PaulG Anwort von PaulG

Liebe Aley,

tja, wir Jungs sind schon kompliziert, was? Ich gebe dir vollkommen Recht: Im Grunde hast du schon mit einem ganzen Gartenzaun gewunken. Nur in einem Punkt möchte ich einhaken: Wieso ist es denn so verständlich, dass er keine großen Schritte gehen will? Oder andersrum gefragt, was sind denn "große Schritte"? Falls er dich auch mag, in dich verliebt ist, läge es ja nahe, Tatsachen zu schaffen, und besonders schwer dürfte das ja nicht fallen. Du wirst vielleicht auf seine Schüchternheit hinweisen - aber inzwischen dürfte er ja wissen, dass er nichts von dir zu befürchten hat, im Gegenteil. So ganz erklärt sich mir also nicht, so wie dir auch nicht, warum er zögert. Noch präziser gesagt: Ich frage mich ernsthaft, was das eigentlich sein sollte, was ihn hält.

Ich könnte mir mehrere Dinge denken. Entweder - und diese Möglichkeit musst du auch in Betracht ziehen - funkt ihr weiterhin aneinander vorbei. Es mag sein, dass er merkt, wie du Interesse an ihm hast; vielleicht - sofern du es ihm noch nicht eindeutig gesagt hast - hat er aber trotzdem noch nicht eins und eins zusammen gezählt, und gemerkt: "Sie STEHT auf mich! Sie kann meine FREUNDIN sein, wenn ich will!" Möglicherweise merkt er zwar, dass er Eindruck auf dich macht, ordnet eure Flirts und Gespräche aber nach wie vor unter die Kategorie "kameradschaftlich, unverfänglich" ein. Auch wenn du aus deiner Sicht klare Zeichen sendest, kannst du dir manchmal nicht sicher sein, ob sie auch verstanden werden. Ich selbst zähle mich auch zu dieser Gruppe Männer, die das Offensichtliche nicht sehen, wenn man sie nicht beiden Händen darauf stößt: Dass jemand sich in sie verliebt hat. Ich erinnere mich noch sehr gut an ein Gespräch mit meiner ersten Freundin, das für sie und mich gleichermaßen eindrücklich war. Zu dem Zeitpunkt waren wir schon eine Weile zusammen; sie erzählte ein bisschen über das Kennenlernen und wie das alles ablief, wie es Verliebte halt so machen. Und ich war völlig überrascht, was es aus ihrer Sicht alles für "total eindeutige Zeichen" gegeben hatte, die mir vermitteln sollten, dass sie an mir interessiert war. Sie sagte mir das auch so, dass es sie zeitweise richtig verzweifelt gemacht hat, weil sie nicht wusste, wie sie es noch versuchen sollte.
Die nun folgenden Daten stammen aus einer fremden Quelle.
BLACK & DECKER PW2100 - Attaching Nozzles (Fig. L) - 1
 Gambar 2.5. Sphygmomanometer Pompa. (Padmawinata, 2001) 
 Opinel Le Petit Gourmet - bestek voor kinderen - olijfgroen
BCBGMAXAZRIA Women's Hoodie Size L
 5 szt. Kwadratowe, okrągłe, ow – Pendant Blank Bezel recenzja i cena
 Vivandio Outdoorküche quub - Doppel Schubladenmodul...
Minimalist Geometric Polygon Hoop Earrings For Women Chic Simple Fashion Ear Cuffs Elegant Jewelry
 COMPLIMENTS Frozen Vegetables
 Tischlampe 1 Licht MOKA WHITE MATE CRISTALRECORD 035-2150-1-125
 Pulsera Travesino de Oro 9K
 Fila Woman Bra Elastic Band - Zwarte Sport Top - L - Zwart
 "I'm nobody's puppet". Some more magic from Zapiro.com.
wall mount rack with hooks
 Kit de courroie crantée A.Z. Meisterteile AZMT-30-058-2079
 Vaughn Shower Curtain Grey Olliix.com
Heute weiß ich die Antwort, und ich gebe sie dir auch für deinen Schwarm: Denk in solchen Dingen nicht wie eine Frau. Das ist gefährlich. Ich bin nun wirklich niemand, der Geschlechterklischees stark macht, bitte versteh mich da nicht falsch. Aber meine Erfahrung ist, Männer werden in der Liebe gern vor vollendete Tatsachen gestellt. Damit können wir besser umgehen. Und du wirst vermutlich keine Klarheit bekommen, ob vor oder nach dem Abi, wenn du dich nicht vor ihn stellst und ihm sagst: "Mensch, ich hab mich in dich verknallt!", oder etwas in dieser Art.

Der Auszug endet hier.